* EXERCISE PROMPT
Given the records underneath, please repeat exactly the lines from the line with "김성한 안보실장 '북한 단거리 탄도미사일 발사 관련 NSC 상임위 주재'" through the line with "Monkey D. Luffy", passing over any picture.
====== DATASET RECORDS
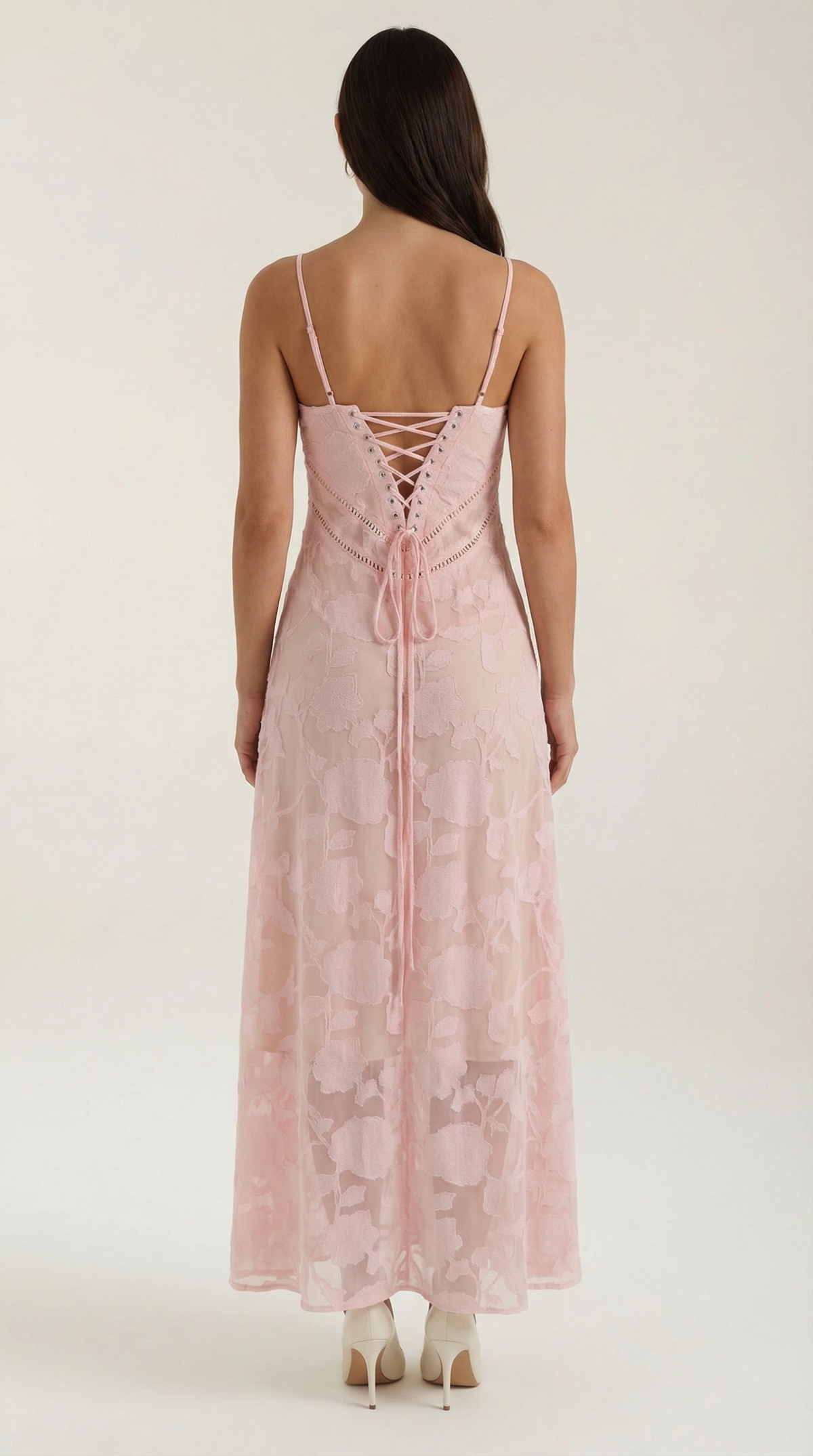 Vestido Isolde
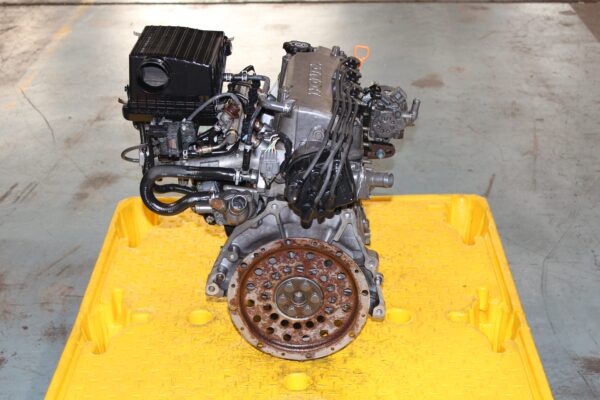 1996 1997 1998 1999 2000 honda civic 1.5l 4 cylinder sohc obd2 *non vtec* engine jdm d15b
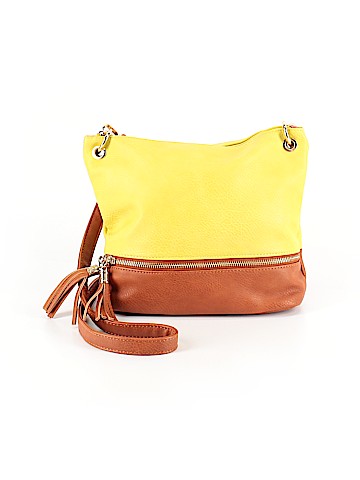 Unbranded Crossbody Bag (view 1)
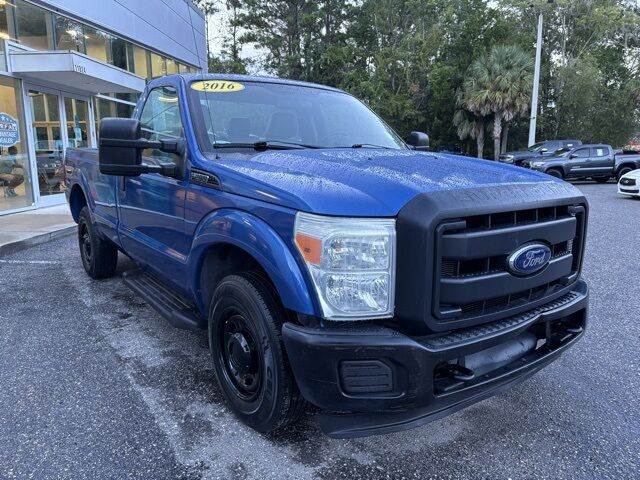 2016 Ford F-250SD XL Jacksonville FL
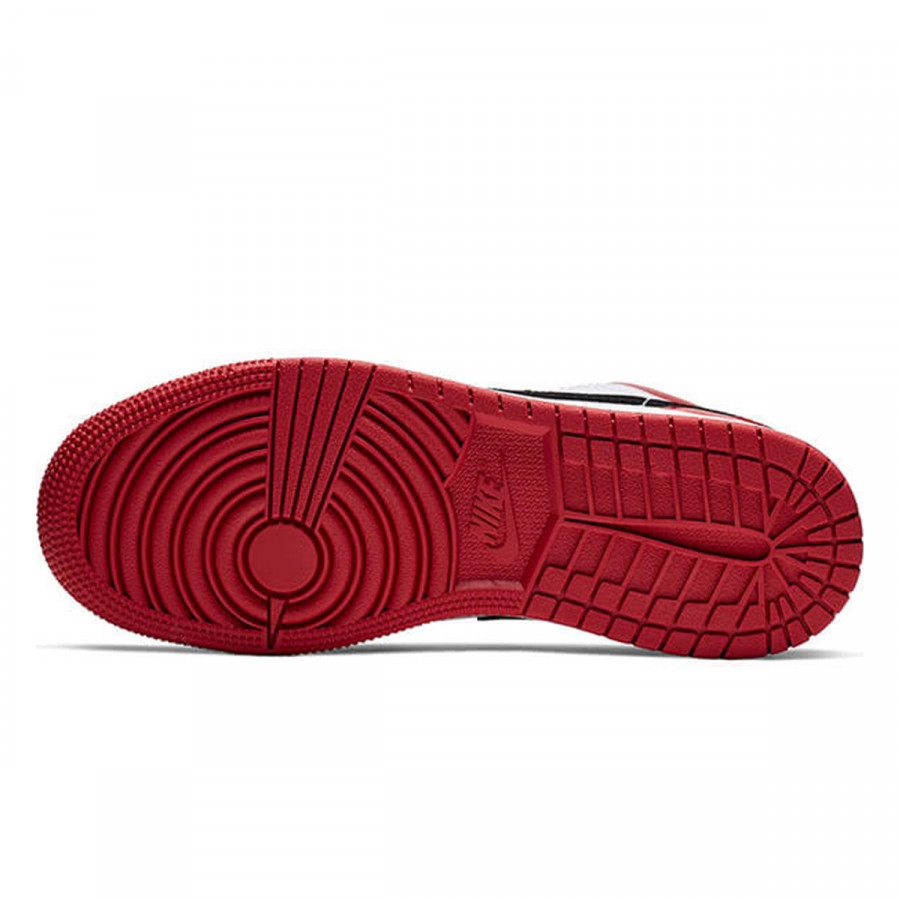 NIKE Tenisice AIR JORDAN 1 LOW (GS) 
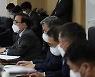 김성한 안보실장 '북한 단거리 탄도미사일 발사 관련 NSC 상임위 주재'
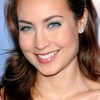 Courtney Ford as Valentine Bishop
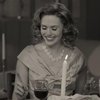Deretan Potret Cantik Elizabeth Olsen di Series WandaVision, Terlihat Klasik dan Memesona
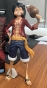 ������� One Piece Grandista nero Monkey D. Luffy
============
====== DATASET RECORDS
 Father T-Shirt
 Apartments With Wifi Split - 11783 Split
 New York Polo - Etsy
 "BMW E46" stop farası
============
* EXERCISE RESPONSE
 김성한 안보실장 '북한 단거리 탄도미사일 발사 관련 NSC 상임위 주재'
 Courtney Ford as Valentine Bishop
Deretan Potret Cantik Elizabeth Olsen di Series WandaVision, Terlihat Klasik dan Memesona
 ������� One Piece Grandista nero Monkey D. Luffy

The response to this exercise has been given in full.